As members of G-20 we are already collaborating to ensure a sustained global economic recovery. India’s economic growth which has rebounded to 8.6% in financial year 2010-11 and is expected to be between 8 to 10 % in future will be an important anchor for momentum in the global economy. While some progress has been made in giving greater voice to emerging economies in the global financial and economic architecture, this process needs to be carried forward and extended to other important dimensions of global governance. As part of this larger effort, President Obama has publicly articulated the US support to India as a permanent member in an expanded UN Security Council; a recognition of India’s capability and role in addressing global challenges.
I have often said that while Indians may consider the world as their workplace, they certainly know that Asia is their home. We have always been conscious of our Asian identity. At the dawn of independence, we had hoped that a cooperative, stable and prosperous Asia will emerge from the ruins of colonialism. We are now at another important point of transition in Asia. While there is no doubt that Asian countries are rising to take their due place in the world, we, in Asia and outside, have a responsibility to work together to define the arrangements and patterns of relationships to deal with our challenges and harness our opportunities. Whether we will be able to do it will be the real test of our wisdom and skills.
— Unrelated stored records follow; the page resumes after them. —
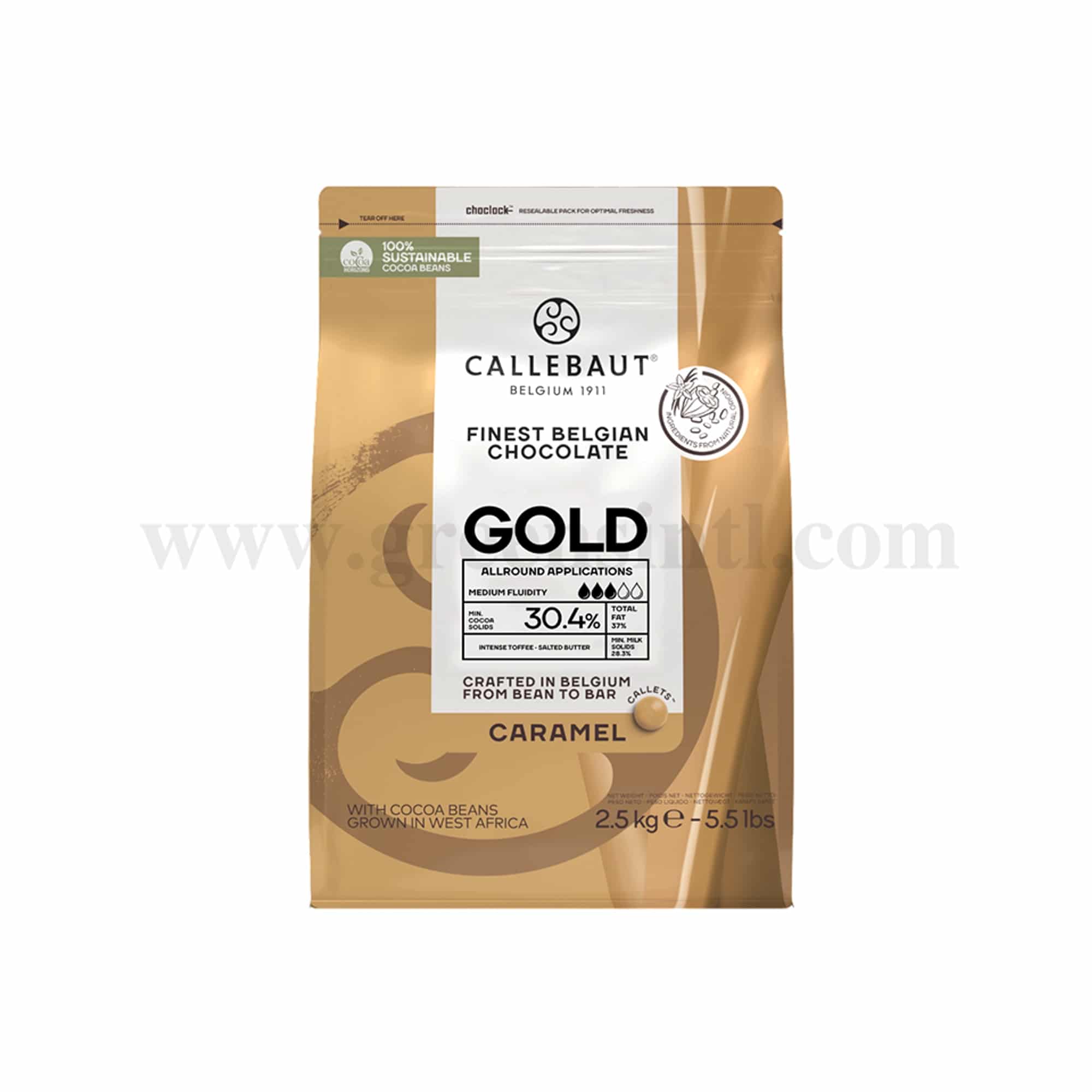 CALLEBAUT Gold Caramel Chocolate Callets 30.4 %-2.5 Kg
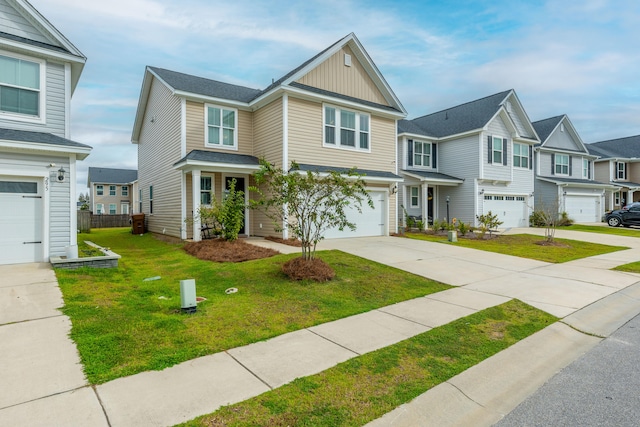 view of front of house with a front yard and a garage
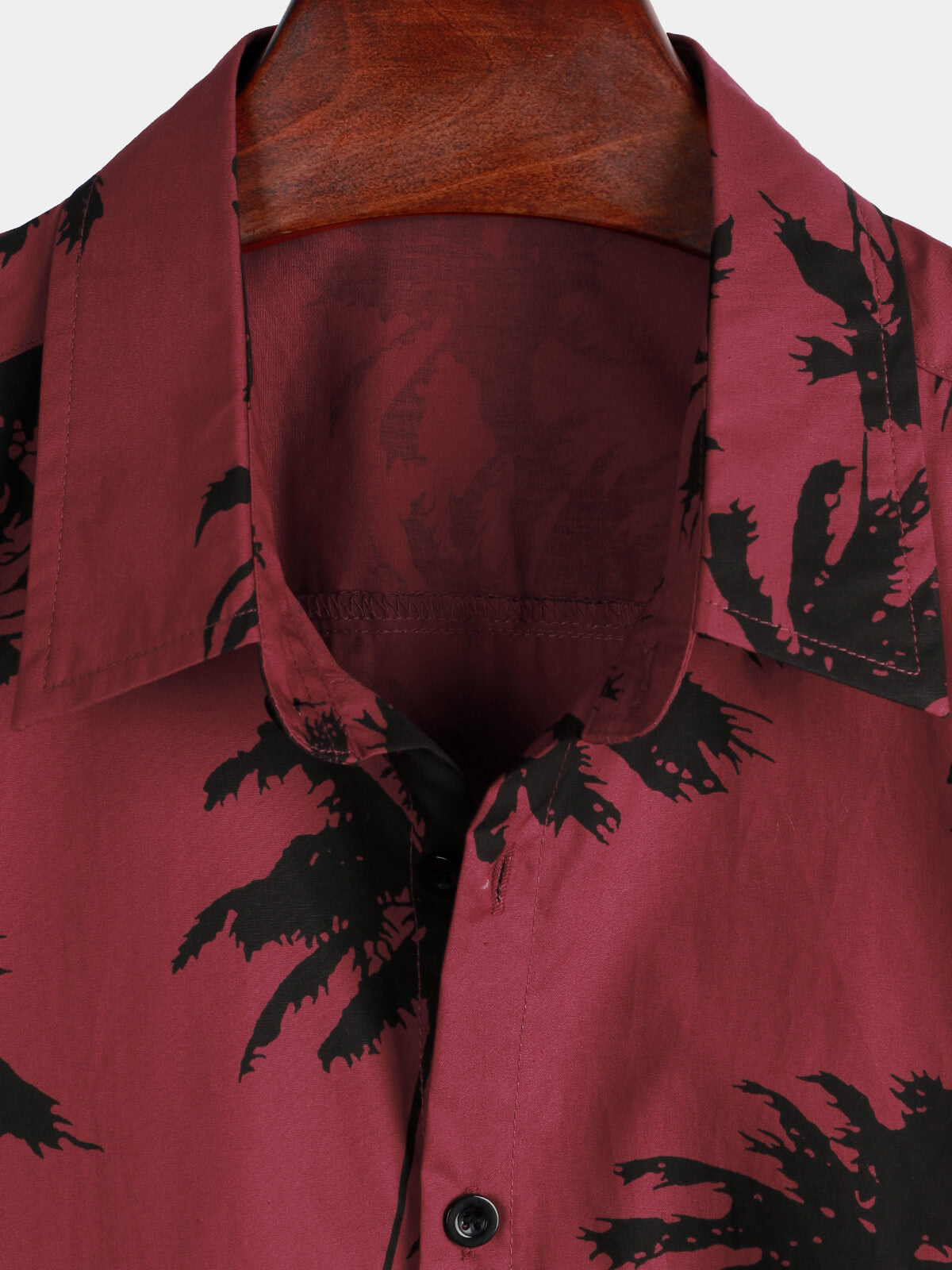 Camisa Playa Burdeos Palmeras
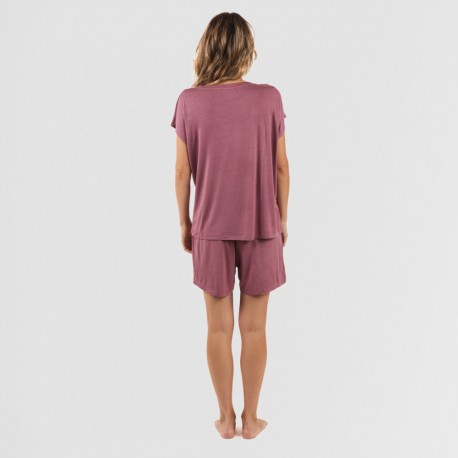 Pijama curto manga fluída viscosa mulher lisos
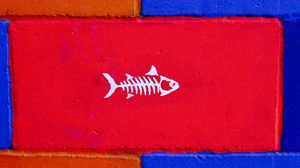 Превью обои рыба, арт, стена, краска
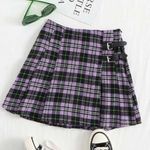 SheIn Plaid Buckled Pleated Mini Skirt Photo 0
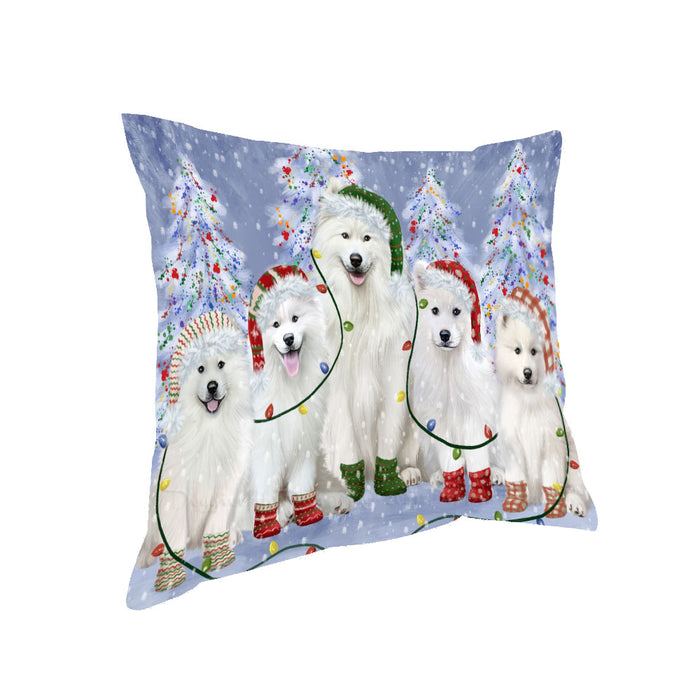 Christmas Lights and Samoyed Dogs Pillow with Top Quality High-Resolution Images - Ultra Soft Pet Pillows for Sleeping - Reversible & Comfort - Ideal Gift for Dog Lover - Cushion for Sofa Couch Bed - 100% Polyester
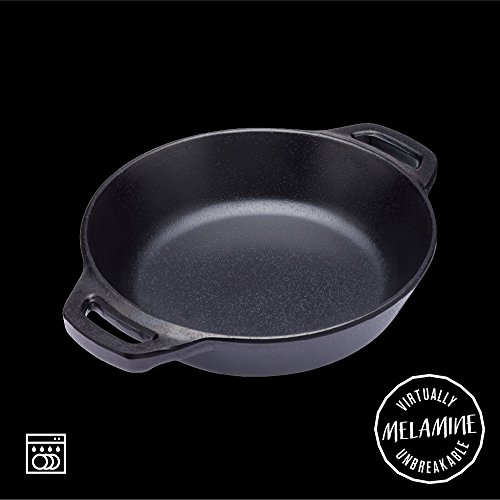 Kitchencraft Mini fundido iron-look servir olla con asas, 15 cm (6 ') – Fuente de horno (estilo redondo, melamina, negro, 19,5 x 15 x 3,5 cm
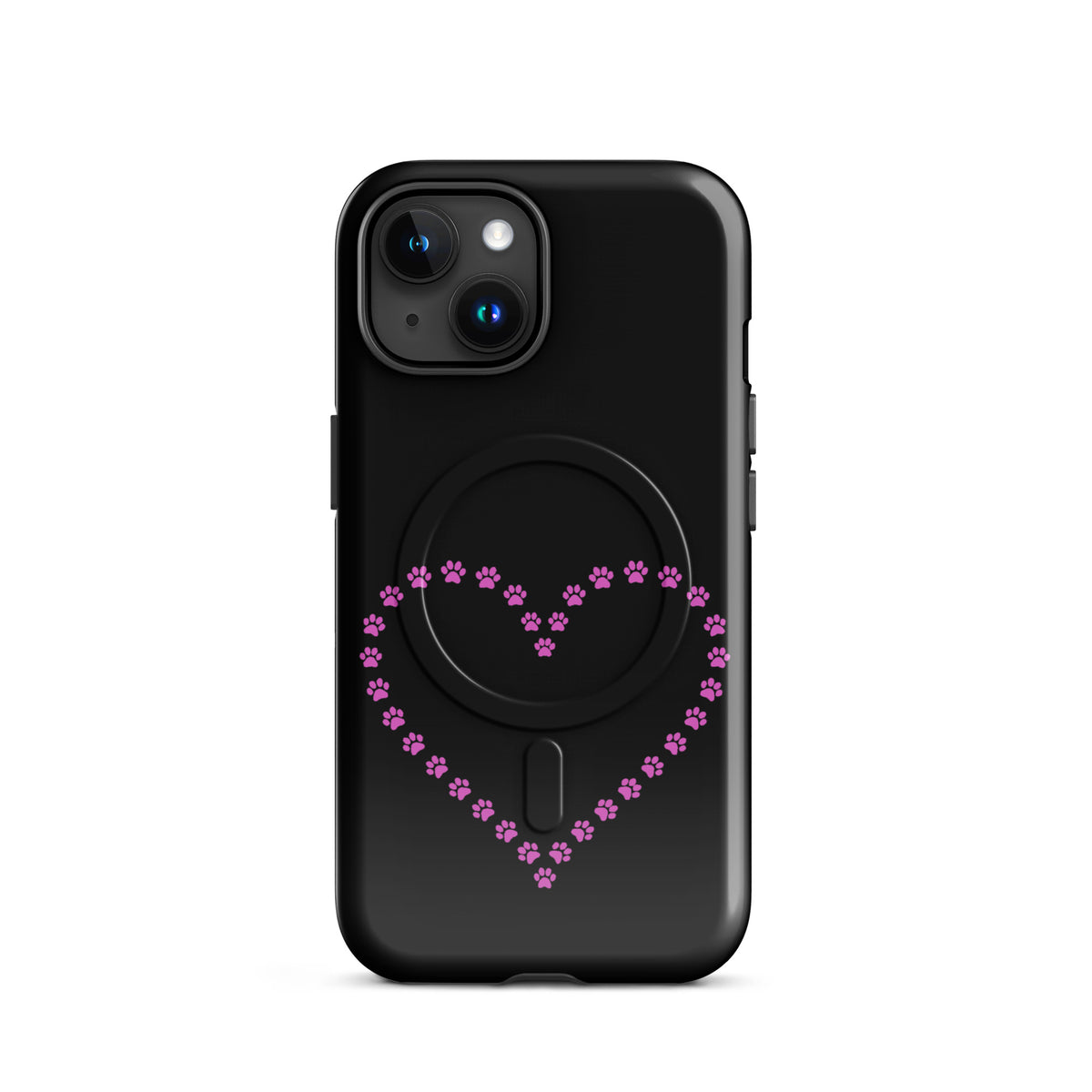 Black Magnetic Phone Case with pink paw print heart design for iPhone, ideal for pet lovers seeking protection and style.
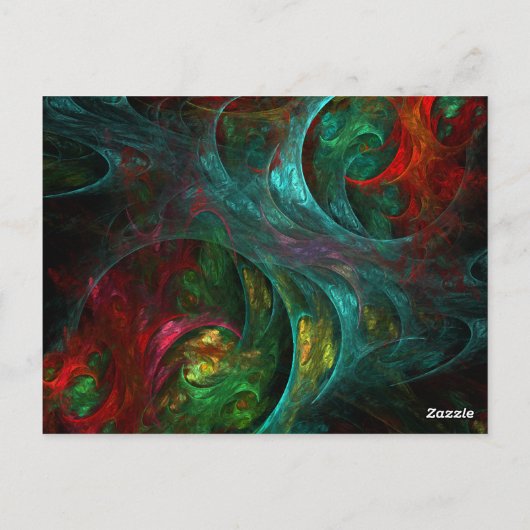 Rood Storm Bloemen Moderne Abstracte Kunst Kleuren Briefkaart (Achterkant)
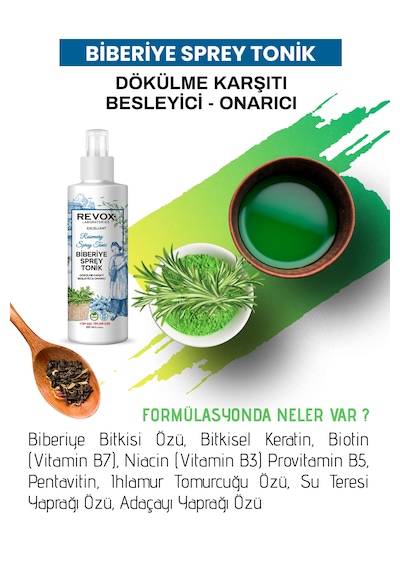 Revox Biberiye Özlü Dökülme Karşıtı Şampuan 400 ML + Biberiye Tonik 200 ML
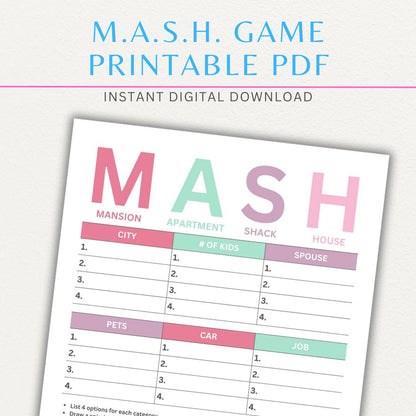 MASH game printable template with fun future categories, a numbered spiral for random selection, and space for creative answers.

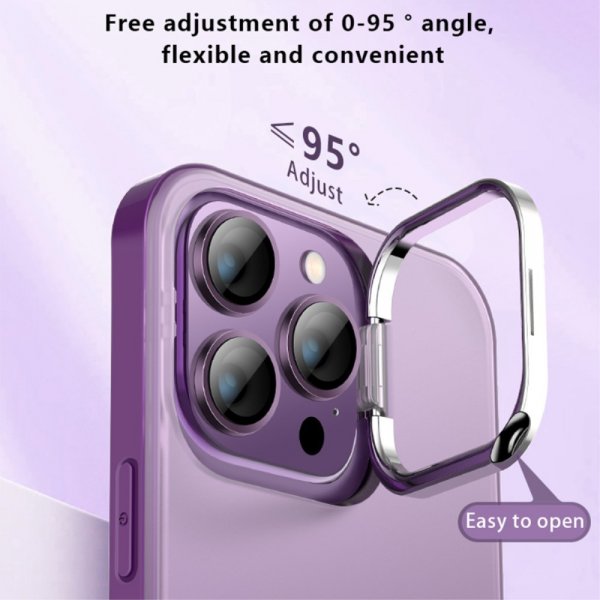 X-Level iPhone 15 Pro Deksel Camera Frame Kickstand Lilla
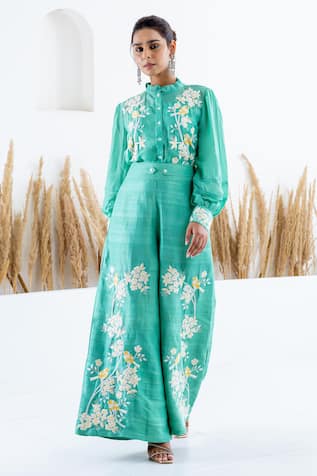 Shruti Sancheti Floral Embroidered Shirt With Flared Pant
Today Asia stands at the centre of momentous geo-political and geo-economic changes underway, which hold both promise and challenges for our future collective endeavours. We share the responsibility to shape our collaboration to liberate the creative energies of the region. As Asia works to chart a course for addressing common challenges to peace, stability and prosperity, there are opportunities for both India and the US to contribute positively to that process and in doing so to also strengthen their partnership and make it truly global. On its part India stands ready to work actively to realize both these objectives.